Jakarta (voa-islam.com)
Selama ini banyak aktivis Islam menilai Amien Rais sudah tamat, sudah
gagal secara politik, terjerumus dalam pluralisme, dituduh mencari aman
di balik punggung rezim.
Tapi
sebagai kader Muhammadiyah, sebagai mantan Ketua PP Muhammadiyah,
ternyata Amien Rais masih punya taji, resistensi, dan militansi. Itu
terbukti dari isi ceramahnya yang cukup “radikal” di hadapan kader-kader Muhammadiyah Yogya, dalam acara “Rapat Kerja dan Dialog Pengkaderan” tanggal 23-24 Februari 2013.
Ceramah
yang kemudian ditranskrip itu dimuat di sebuah media internal milik
Muhammadiyah. Dalam ceramahnya Pak Amien sempat bilang, “Nah, ini cuma sekedar cerita, ini tidak boleh keluar di wartawan.” Pembaca bisa baca sendiri kira-kira apa isi ceramah itu.
Karena
isinya sangat penting, kami para jurnalis minta maaf ke Pak Amien,
kalau ceramahnya akhirnya keluar juga ke tengah publik. Bukan tak
menghargai privasi Prof. Amien, tapi kayaknya Umat perlu tahu
gagasan-gagasan beliau.
Berikut ini kami kutipkan pernyataan-pernyataan Prof. Dr. H. Amien Rais dari ceramah yang ditranskrip menjadi tulisan berjudul, Kader Muhammadiyah di Pentas Politik.

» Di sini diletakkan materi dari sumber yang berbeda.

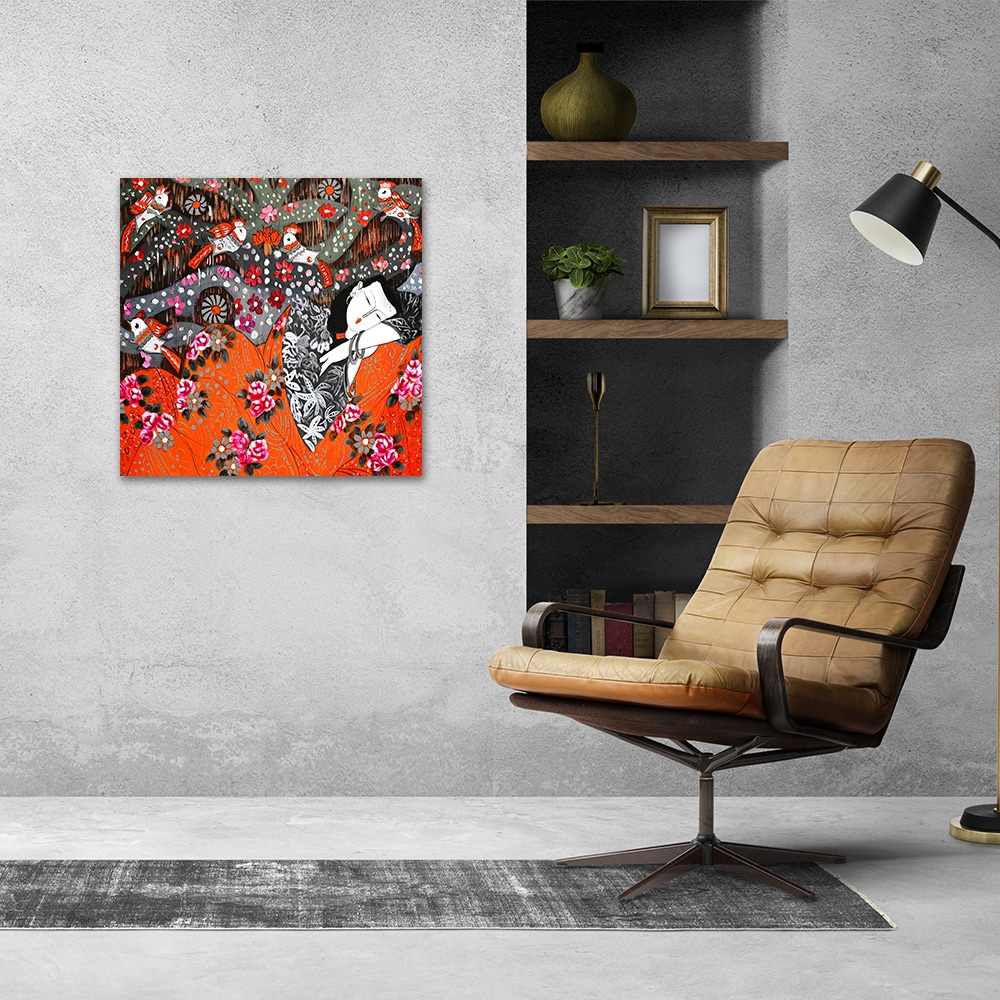 【御畫房】民俗系列一 國家一級畫師手繪油畫80×80cm(VF-182), , large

Karena panjangnya artikel, hanya dikutip bagian-bagian tertentu saja
yang dipandang sangat urgen diketahui Umat Islam. Selamat menyimak,
semoga mencerahkan!
1. FONDASI AKIDAH
Saya
akan membicarakan masalah yang mendasar terlebih dulu, bahwa kita ini
sebagai orang beriman diperintahkan di dunia ini, hanyalah untuk
mengabdi kepada Allah SWT. “Tidak aku ciptakan jin dan manusia melainkan untuk beribadat kepada-Ku.” (Adz Dzariyat: 56)
Dalam
pandangan orang Islam, hidup kita ini adalah bulat, tidak terbagi-bagi.

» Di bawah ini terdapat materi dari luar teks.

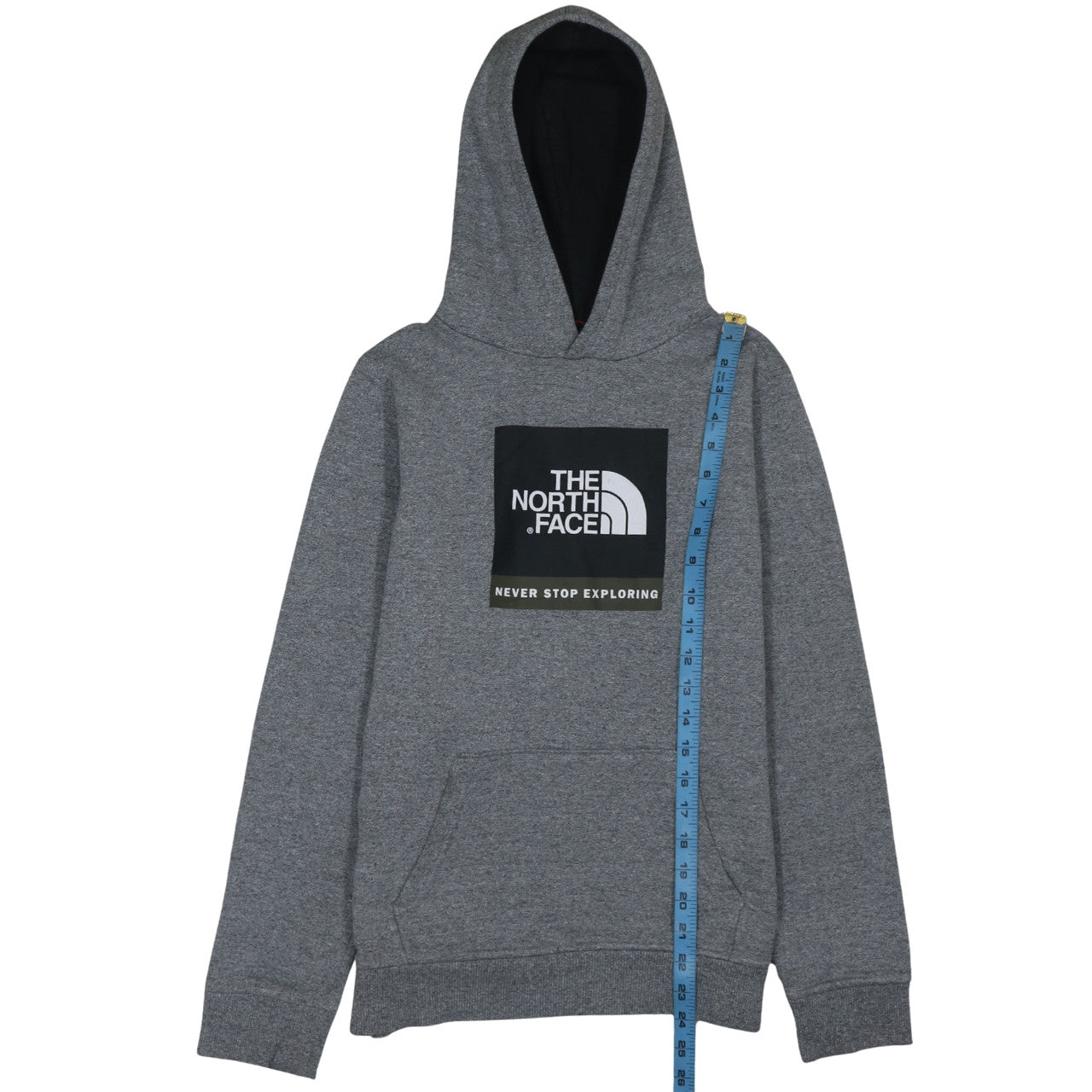 The North Face Boys Grey Pullover Hoodie XL Fleece Logo Sweatshirt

Misalnya ini yang sekuler dan itu yang non sekuler, ini yang transenden
dan itu yang intransenden.
Hal ini disebabkan, kita sudah memproklamasi dan mendeklarasikan, bahwa
shalatku, ibadahku, hidup dan matiku, aku persembahkan kepada Allah
Tuhan semesta alam. Ini sudah jelas sekali.

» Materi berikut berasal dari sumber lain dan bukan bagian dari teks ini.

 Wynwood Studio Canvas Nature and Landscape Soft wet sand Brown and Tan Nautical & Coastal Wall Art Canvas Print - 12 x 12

Karena the core of our lives must be based on tauhid. Nabi kita itu pelanjut dari millah, agama, tradisi, keyakinan, dari nabi-nabi sebelumnya. (Kutipan hal. 18-19).
2. ANTI PLURALISME
Dalam
hal ini saya wanti-wanti, karena kelompok non Muslim pandai sekali
mencari istilah, yang enak dan sejuk didengar, yaitu pluralism atau
kemajemukan.
Jangan sampai kita terseret gara-gara istilah kemajemukan itu kemudian
menyangka semua agama itu seperti madzhab-madzhab yang mencari kebenaran
di puncak gunung, dan boleh melewati lereng utara, lereng selatan atau
barat, yang akhirnya akan sampai juga ke puncak.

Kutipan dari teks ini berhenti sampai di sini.